The debate around what, if any, rights Maori have in relation to water is still not settled. Given the Crown does not know exactly what rights Maori have, or should have, it would be unfair to pass off water rights to private entities. It is incumbent upon the Crown to actively give affect to and protect Maori property rights and management rights, however if water rights are passed onto private interests Maori customary rights will be diminished against private property rights. Clearly, if the government passes on water rights to private interests this will run against the principle of active protection.

These are just some of the arguments that can be made against the government. I have not taken into account previous decisions of the Court that may favour or harm a claim against the government. At the end of the day, the Crown has a right to govern as they see fit. I come back to Sir Cooke who said “the principles of the Treaty do not authorise unreasonable restrictions on the right of a duly elected government to follow its chosen policy. Indeed, to try and shackle the Government unreasonably would itself be inconsistent with those principles”. Hone Harawira can hope that the Treaty will stop asset sales, but if you ask me he’s hoping in vein.

UPDATE: I should add that it makes perfect commercial sense to exempt a treaty clause, meaning a s9 type clause, from the new legislation needed to sell shares in the SOEs. A treaty clause would add some uncertainty around the assets and drive the share price down. However, refusing to insert a treaty clause in the new legislation is probably a breach of the principles.


  1. since when has the crown ever been concerned about 'breaching the principles'?

  2. Kiaora.

    'Asset ownership is increasingly important for meaningful participation in society and the economy. Ownership enhances the ability of people to access opportunities and to invest
    in the future – by buying a house, financing education, and so on – and allows people to cope with shocks. Assets provide greater security, control, and independence. A broad distribution of ownership also generates enhanced social cohesion at a national level, and ensures that more New Zealanders obtain the benefits of economic growth. So
    helping all New Zealanders acquire assets will make a significant contribution to New Zealand’s economic and social future. In recognition of the increasing importance of asset ownership, many countries are introducing and expanding ‘asset based policies’ that assist and encourage people to
    accumulate wealth. Creating an ownership society, in which ownership of assets is broadly distributed through the population and in which all people are able to accumulate
    wealth over their lifetimes, is a policy priority across many countries. And such policies are advocated by governments and political parties from across the political spectrum; it is not a policy solely of the left or of the right.
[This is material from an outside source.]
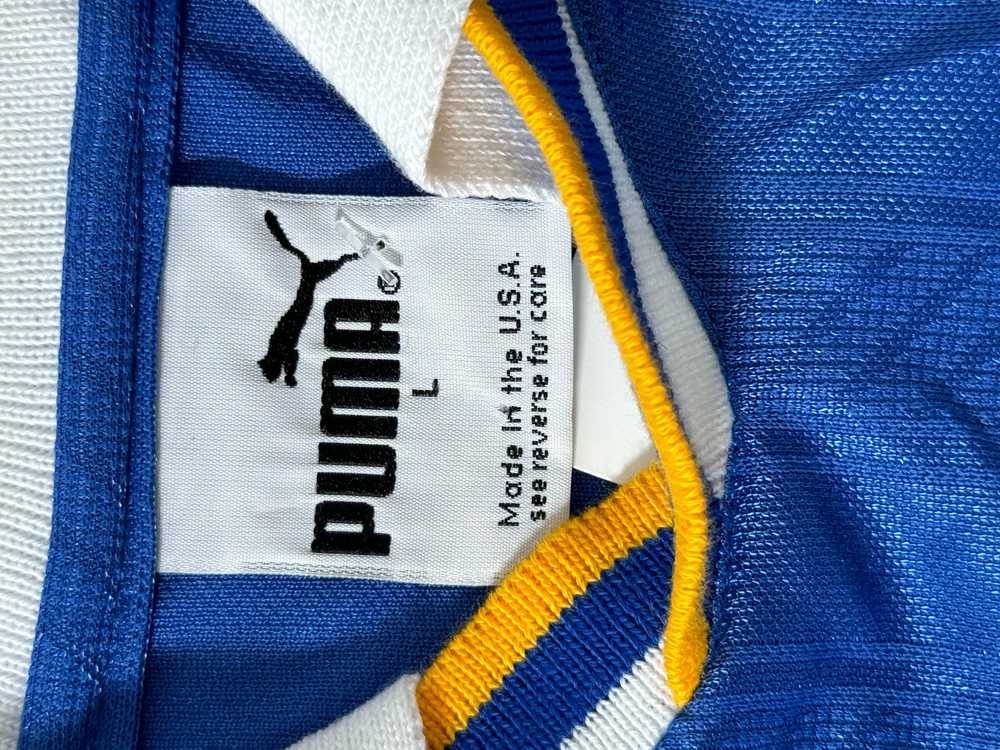 Vintage Puma Blue/Yellow Soccer Jersey Sz. L - image 2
    It's about ownership, not assets - Professor Tim Hazledine recently argued in the New Zealand Herald that it was rational for the public to oppose a partial sell-down of the Crown's ownership of SOEs because they "truly merit the designation of being 'strategic' businesses for our country". He also objected to earmarking the proceeds from a partial sale for particular spending projects. Those projects should stand or fall on their own merits.
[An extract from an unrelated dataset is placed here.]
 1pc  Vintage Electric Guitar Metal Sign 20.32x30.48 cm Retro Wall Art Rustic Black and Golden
    The debate over asset sales is a debate over ownership, not the assets. Economists widely agree that ownership matters. The argument that politicians make poor businessmen and women is so obvious as to scarcely need any elaboration. Politicians commonly have little or no commercial expertise, (unless your John Key, whom the former President of the U.S.A. Bill Clinton cited as a major player in the global financial meltdown) and their foremost incentive is to get re-elected. Board appointments are too often politicised, as may be an SOE's objectives and its investment, remuneration or pricing decisions. The absence of any market test of what is happening to the value of the firm or the return on capital, allows taxpayers' capital in SOEs to be destroyed non-transparently.